Every photo, sent email, created or shared document, visit to the company’s website, etc. moves and creates new data, which impacts the pocket in one way or another.
Luckily, due to the constant technological development of data carriers and network devices, as well as increases in storage and network capacity, the cost of data volumes are declining. Despite this, it is important to assess a company’s data volume now and their requirements for the future.
There are two types of data volume which one should be aware of generally and more specifically when using cloud services.
Most people first think of storage capacity, which means exactly that – how much data can be stored by a device or service. This indicator is used when considering the choice of a new phone or computer, as well as cloud services.

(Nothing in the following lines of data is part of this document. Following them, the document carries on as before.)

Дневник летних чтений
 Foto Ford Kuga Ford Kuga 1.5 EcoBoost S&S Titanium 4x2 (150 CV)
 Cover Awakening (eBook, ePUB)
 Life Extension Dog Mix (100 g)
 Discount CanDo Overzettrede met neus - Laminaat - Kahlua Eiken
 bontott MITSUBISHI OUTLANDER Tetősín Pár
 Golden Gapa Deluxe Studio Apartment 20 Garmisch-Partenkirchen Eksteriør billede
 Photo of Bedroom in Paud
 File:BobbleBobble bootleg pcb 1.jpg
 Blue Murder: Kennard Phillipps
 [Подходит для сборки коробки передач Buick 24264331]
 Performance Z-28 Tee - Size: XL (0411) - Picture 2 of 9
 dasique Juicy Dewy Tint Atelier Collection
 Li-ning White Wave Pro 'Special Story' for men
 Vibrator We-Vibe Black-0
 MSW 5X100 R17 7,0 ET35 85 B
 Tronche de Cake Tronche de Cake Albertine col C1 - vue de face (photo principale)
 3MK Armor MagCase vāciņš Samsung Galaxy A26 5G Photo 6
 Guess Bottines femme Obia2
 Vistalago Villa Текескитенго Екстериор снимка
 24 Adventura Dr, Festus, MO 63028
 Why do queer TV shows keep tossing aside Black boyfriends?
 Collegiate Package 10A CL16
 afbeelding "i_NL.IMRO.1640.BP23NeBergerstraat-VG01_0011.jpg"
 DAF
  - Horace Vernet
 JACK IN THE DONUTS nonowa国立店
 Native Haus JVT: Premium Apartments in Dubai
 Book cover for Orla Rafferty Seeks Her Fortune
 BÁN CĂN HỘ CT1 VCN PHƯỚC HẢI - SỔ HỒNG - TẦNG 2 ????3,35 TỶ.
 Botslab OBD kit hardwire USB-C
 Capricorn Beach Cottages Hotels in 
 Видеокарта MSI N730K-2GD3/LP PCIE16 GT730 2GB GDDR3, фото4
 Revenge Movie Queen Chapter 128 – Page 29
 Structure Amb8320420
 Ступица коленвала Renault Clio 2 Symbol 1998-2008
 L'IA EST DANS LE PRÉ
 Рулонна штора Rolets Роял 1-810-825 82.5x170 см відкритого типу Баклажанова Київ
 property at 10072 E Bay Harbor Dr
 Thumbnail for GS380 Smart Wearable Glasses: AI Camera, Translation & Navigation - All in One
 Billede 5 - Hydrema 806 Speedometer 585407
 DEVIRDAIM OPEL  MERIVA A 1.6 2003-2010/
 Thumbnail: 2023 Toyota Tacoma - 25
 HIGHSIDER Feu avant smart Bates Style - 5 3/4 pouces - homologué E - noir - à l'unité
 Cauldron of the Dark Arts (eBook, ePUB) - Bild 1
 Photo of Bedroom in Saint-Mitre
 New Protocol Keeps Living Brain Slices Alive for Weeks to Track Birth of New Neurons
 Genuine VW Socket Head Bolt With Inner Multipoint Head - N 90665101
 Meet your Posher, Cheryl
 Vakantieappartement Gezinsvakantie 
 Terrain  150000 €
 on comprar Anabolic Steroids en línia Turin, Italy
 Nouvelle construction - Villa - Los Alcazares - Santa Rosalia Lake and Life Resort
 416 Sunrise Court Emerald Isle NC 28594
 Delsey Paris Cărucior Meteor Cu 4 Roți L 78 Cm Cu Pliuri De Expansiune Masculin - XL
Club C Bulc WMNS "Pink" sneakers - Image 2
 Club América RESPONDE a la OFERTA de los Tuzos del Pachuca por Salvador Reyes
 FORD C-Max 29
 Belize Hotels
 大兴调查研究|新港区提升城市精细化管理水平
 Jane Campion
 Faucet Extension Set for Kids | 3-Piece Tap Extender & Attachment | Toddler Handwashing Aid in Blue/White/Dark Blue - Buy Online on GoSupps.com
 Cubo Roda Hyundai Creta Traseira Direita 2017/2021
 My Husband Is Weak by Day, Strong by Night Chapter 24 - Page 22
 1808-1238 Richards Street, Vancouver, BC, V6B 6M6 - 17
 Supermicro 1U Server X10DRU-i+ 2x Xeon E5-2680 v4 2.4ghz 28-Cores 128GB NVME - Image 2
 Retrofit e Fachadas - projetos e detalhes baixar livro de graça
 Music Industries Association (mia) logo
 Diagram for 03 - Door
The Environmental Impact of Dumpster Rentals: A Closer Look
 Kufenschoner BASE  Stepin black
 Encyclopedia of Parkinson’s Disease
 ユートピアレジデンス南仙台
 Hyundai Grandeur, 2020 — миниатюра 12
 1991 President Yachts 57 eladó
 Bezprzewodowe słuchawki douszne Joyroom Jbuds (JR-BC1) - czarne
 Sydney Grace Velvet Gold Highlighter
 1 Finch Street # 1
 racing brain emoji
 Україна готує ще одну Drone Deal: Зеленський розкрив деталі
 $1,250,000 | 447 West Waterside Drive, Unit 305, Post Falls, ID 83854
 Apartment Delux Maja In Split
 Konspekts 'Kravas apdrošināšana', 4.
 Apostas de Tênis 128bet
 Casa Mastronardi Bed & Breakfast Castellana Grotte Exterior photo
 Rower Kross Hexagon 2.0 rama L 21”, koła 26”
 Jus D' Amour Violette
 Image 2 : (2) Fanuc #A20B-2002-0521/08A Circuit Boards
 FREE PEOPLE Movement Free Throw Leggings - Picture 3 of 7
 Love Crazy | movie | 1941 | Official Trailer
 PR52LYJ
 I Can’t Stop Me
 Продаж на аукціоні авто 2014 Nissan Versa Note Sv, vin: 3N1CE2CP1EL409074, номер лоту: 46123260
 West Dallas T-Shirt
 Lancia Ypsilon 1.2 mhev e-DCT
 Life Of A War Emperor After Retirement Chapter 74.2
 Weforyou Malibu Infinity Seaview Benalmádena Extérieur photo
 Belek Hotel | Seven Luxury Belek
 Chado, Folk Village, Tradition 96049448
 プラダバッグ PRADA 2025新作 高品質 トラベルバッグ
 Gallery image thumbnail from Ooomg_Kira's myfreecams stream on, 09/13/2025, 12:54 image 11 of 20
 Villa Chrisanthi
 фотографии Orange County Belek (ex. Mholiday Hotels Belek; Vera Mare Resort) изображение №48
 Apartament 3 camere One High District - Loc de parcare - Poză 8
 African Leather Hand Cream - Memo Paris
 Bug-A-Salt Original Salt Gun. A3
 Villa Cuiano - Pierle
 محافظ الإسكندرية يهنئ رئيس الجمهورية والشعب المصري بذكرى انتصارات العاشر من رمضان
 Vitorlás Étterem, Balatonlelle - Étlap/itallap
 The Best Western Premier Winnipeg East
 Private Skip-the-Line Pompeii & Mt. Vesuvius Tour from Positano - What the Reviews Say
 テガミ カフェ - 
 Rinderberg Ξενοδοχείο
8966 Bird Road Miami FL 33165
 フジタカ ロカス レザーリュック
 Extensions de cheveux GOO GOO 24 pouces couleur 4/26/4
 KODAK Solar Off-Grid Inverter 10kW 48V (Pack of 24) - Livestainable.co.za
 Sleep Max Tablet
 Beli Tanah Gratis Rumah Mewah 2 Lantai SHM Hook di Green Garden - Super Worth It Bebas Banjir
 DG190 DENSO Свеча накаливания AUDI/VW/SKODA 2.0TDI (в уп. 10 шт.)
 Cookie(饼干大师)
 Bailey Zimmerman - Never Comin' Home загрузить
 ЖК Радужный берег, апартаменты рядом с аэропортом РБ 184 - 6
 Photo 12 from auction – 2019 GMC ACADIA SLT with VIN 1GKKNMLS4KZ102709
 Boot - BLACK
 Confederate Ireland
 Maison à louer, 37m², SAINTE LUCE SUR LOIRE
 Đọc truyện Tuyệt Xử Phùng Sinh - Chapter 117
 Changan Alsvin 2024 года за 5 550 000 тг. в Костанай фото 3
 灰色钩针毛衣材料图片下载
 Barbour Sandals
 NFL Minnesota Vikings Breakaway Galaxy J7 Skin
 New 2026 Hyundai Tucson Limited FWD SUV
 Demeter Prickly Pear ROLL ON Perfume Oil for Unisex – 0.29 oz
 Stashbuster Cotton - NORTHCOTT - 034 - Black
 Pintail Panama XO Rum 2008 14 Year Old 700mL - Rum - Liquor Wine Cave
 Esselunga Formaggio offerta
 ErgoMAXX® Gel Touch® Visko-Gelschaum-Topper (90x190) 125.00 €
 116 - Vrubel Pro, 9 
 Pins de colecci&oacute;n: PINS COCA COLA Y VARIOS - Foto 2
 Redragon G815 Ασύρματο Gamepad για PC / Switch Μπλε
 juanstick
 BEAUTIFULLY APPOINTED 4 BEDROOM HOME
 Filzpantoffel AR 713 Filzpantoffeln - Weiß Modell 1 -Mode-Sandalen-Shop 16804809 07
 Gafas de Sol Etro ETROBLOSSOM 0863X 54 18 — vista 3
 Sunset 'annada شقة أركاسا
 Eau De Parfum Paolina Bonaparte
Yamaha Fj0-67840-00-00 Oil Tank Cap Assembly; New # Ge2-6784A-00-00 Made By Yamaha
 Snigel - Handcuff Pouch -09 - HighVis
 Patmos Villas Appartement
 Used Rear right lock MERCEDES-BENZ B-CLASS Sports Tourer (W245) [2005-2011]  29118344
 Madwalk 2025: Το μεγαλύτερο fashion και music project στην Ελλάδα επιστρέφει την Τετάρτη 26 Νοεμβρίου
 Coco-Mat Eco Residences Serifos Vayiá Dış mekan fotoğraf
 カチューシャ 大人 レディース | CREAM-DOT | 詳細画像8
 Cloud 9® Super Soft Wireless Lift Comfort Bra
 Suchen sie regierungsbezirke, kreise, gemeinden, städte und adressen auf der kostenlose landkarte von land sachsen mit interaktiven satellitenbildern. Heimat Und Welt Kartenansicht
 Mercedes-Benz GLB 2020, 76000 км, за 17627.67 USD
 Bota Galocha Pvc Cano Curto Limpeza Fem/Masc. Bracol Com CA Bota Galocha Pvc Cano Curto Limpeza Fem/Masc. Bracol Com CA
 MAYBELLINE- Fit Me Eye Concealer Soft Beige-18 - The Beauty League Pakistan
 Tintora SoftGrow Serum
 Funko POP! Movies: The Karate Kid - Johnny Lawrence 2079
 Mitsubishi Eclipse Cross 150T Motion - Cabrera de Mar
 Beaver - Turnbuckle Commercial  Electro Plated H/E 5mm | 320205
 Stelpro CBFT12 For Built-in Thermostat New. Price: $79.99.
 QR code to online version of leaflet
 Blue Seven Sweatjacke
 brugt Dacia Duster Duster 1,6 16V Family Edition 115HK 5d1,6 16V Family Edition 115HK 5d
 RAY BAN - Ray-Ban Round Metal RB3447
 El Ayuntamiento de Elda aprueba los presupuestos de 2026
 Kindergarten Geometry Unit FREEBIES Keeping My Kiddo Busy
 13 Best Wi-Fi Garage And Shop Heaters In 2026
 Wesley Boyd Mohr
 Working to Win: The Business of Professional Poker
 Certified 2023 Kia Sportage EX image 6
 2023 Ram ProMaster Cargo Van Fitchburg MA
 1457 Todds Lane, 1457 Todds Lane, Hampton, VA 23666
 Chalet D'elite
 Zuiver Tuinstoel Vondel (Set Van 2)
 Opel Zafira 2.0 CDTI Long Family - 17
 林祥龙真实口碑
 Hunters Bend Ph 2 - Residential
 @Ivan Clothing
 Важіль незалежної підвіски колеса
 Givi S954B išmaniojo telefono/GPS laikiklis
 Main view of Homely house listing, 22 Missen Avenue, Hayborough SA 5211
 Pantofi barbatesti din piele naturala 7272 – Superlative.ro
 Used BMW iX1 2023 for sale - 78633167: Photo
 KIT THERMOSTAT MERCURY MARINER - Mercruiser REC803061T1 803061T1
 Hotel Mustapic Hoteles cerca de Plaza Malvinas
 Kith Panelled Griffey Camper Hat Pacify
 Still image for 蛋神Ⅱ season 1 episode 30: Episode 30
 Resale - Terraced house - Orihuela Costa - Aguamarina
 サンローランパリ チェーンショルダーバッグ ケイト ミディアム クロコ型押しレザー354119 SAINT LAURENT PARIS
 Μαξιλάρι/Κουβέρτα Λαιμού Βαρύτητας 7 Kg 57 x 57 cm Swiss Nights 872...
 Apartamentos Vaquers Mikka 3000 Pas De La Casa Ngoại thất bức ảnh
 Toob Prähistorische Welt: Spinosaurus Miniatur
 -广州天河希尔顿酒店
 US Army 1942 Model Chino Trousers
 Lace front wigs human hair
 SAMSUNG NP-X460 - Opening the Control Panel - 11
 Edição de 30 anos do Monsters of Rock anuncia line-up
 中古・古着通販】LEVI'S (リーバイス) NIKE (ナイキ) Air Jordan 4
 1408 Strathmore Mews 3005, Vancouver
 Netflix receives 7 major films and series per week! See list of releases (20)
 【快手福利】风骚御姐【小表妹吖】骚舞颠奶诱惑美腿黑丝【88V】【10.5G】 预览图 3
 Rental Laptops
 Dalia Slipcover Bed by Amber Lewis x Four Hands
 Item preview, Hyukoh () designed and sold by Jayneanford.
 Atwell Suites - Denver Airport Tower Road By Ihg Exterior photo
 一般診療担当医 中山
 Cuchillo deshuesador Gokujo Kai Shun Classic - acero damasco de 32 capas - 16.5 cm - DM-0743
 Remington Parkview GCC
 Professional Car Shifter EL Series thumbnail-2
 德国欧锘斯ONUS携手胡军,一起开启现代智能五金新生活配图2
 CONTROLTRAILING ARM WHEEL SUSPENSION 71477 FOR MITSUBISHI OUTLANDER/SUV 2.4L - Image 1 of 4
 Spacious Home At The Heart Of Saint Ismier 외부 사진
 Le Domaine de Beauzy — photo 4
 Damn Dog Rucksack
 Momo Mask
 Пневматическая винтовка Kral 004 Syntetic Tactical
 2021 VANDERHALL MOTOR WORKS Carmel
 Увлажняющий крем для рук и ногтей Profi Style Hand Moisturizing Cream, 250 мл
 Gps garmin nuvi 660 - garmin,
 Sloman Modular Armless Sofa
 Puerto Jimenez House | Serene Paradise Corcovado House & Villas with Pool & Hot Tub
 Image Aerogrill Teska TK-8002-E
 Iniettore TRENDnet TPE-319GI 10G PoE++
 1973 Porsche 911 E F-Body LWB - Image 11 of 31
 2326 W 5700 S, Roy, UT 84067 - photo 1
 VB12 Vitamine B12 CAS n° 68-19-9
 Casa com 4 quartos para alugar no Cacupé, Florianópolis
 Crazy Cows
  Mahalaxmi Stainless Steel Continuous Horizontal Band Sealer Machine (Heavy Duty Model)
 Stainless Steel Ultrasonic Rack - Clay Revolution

In addition, there is also data transfer volume, which means how much data moves between different data carriers, be it in local connections or networks. This volume becomes very significant in the case of web-based services. Since the network connectivity capabilities of hosted server service providers is limited, in the online world the data transfer volume is usually also limited, or prices are based on usage.
In the case of data volume, it also pays to consider whether one is dealing with constant or non-recurring volumes. For example, when migrating to a cloud service or moving between server rooms, the transfer of historical data is usually a one-time occurrence. When transferring the historical data, the data volumes may be so large that it may be worth considering whether this should be done through the network or with the help of physical devices. This could include moving the data using storage devices or, for example, ordering an encrypted AWS Snowball storage suitcase. In more extreme cases, it is even possible to order an AWS Snowmobile, a truck that holds enough hard drives together to store over 100 petabytes of data.
In the case of web services (website, self-service environments, online stores, etc.) storage and data transfer volumes are important, because both are usually limited or must be paid for based on usage.
In addition, in the case of web services, both volumes are directly related to usage events and depend on the applications being used.
Generally, the storage volume can be divided in two – the application and the necessary volume to run it, which is usually not noteworthy and therefore not calculated separately. However, based on the application’s usage events, it is quite usual for the application to produce greater data volumes while working, e.g. log entries for analysis or media files uploaded by the users.
The data transfer volume is also very closely related to the application’s usage events, although most of those events can be used to predict the size of the data transfer volume. When creating a strategy for websites or web applications, the goal of for what and for whom it is being created is already known. This means that it is already known which so-called ‘pathways’ the users will most probably start to use and what they will encounter on these pathways. Based thereon, it will be possible to calculate the data transfer volume that one visitor will use to complete the pathway (by adding up the volume of the downloadable pages on the pathway). And thereafter – very simplistically speaking – multiply this volume with the predicted number of visitors.
Of course, such a thing cannot be calculated precisely because it is very unusual to be 100% certain of the visitors’ pathways and their number in advance. But this is not a problem because when calculating the data storage and transfer volumes, it is important to understand the magnitudes. However, it is always possible to see very precisely how much of any specific volume has been used.
In the case of backup copies, assessing the volume is somewhat simpler. In most cases, it is already known how many backup copies are made of devices and services, and how much data these devices are able to store. In addition, it must also be decided how long to store the data for and how long it must be quickly available. For example, if the goal is to store all the backup copies for up to 30 days (in the case of financial and other data, for instance, for 7 years), then usually the data for the last few days should be immediately available (if an accident should happen and it is necessary to restore the data as quickly as possible).
Based on this logic, it is possible to choose the most suitable and most cost-effective archiving services. For example, in the case of AWS services, data that requires quick access must be stored in S3 service and those which are less urgent, in AWS Glacier service, which helps to lower costs.
If the volumes and data storage time periods are agreed upon in advance, the more exact volumes of such an automated and secure solution for backup copies and the costs thereof can be calculated.